CSEP551 Winter 2012 -- Programming Assignment #1

CSEP551 -- Programming Assignment #1

Out: Monday, January 9th, 2012
Due: Monday, January 30th, 2012, by 5pm

[ overview | details | bonus | what to turn in ]

Overview

In this assignment, you will investigate the impact of system call overhead on application performance. Your ultimate goal is to produce a set of graphs that looks something like the following:

This graph shows some application-level benchmark performance as a function of system call latency. To generate this graph, you will modify the linux kernel so that you can add a specifiable amount of overhead to every system call. By varying this overhead, you can measure benchmark performance as a function of this overhead to generate the curve.

Assignment details

Here are the steps we recommend that you should follow:

Set up an environment in which you can install linux and compile linux kernels. I strongly recommend using VMware for this. (It is true that VMware will affect your benchmark performance, but let's ignore that for this assignment.) You'll need to:
- Find a computer on which you can install VMware. UW CSE students can get a one-year license of VMware for free. On Windows or Linux, you want VMware workstation; on a Mac, you want VMware fusion.
- Install VMware.
- Find and download a Linux virtual machine.
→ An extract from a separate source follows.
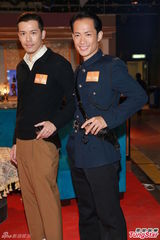 组图：欧阳震华健康复工 笑言欲请貌美男看护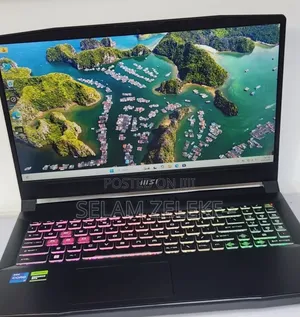 New Laptop MSI Katana 15 16GB Intel Core i7 SSD 1T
I recommend that you use the virtual machine image that was prepared for the UW undergraduate operating systems course. You can download the image here. It's 4GB tarball, so be forewarned that it might take some time to download over broadband. Once you've downloaded it, extract the archive (12GB expanded).
  (If you'd prefer to use a different Linux distribution, feel free, but you'll be on your own to figure out how to compile, install, and boot into a new kernel using it.)
Practice compiling, installing, and booting into a new kernel. For the VM we recommended, you can find instructions on how to do this here.
(If you're using your own flavor of Linux, you'll need to figure out how to do this yourself. You may need to install kernel sources, configure the kernel, and maybe even install compilation tools, depending on what you're starting with.)
You're now ready to modify the linux kernel so that you can add overhead to every system call that occurs. To do this, you'll need to:
- Figure out how system calls work on Linux, and trace them through the linux kernel source code. There are plenty of Web pages that should help with this, but as a hint, Linux 2.6 uses the sysenter and sysexit instructions to do efficient user to kernel crossings. See, for example, here.
- Add your code to the system call path. You'll have to decide where to do this; there is a quick way that will require a small amount of assembly hacking in one location, and a more onerous way that will require C programming but patching a bunch of files and routines.
- Your code should introduce a variable amount of overhead, presumably by doing computation in a loop, and varying the loop count.
Make it possible for user-level programs to change the amount of system call overhead introduced by your code. I suggest that you add something to the /proc virtual file system to do this -- i.e., by writing a number to a file you create in proc, your code will vary the amount of loop overhead according to that number. There are plenty of web pages that will help you learn how to add something to the /proc filesystem; see, for example, here.
Calibrate your system call overhead by measuring the latency of a simple system call (e.g., close(100)) as a function of your variable overhead.
Measure the performance of the following three benchmarks as a function of system call overhead:
- compiling the linux kernel source tree
- the maximum throughput of apache serving a small, static file
- something of your choice
Be careful of caching effects when running your benchmarks, in particular, of the file system buffer cache!

Bonus

If you want some extra credit, find a way to add a similar delay loop (including another /proc interface) on the ethernet packet reception and transmission paths. Calibrate this delay loop. Devise an experiment to measure the impact of this delay on the throughput and latency of serving a small, static web page from Apache. Devise another experiment to measure the impact of this delay on the throughput and latency of serving a large, static web page from Apache. Explain your results.

What to turn in

You should submit your assignment by emailing a single .tar.gz/.zip archive to Steve and Owen containing the following elements:

a description of your linux environment, including whether you used VMware, which linux kernel version you modified, and so on.
any source code you generated, including files that you modified in the linux kernel tree. Please don't send us the full kernel source tree; just send us any files that you modified.
a writeup that includes:
- your name
- a brief description of how you added overhead (i.e., explain the design / implementation of your code)
- a brief description of the mechanism you introduced that allows user-level code to vary the system call overhead
- a graph showing the calibration of your introduced system call overhead
- the graphs of your benchmark results, and a description of your measurement method
- a short analysis of the graphs -- why are they shaped the way they are, why are they differently shaped for the different benchmarks, and what high-level lessons do you draw from this?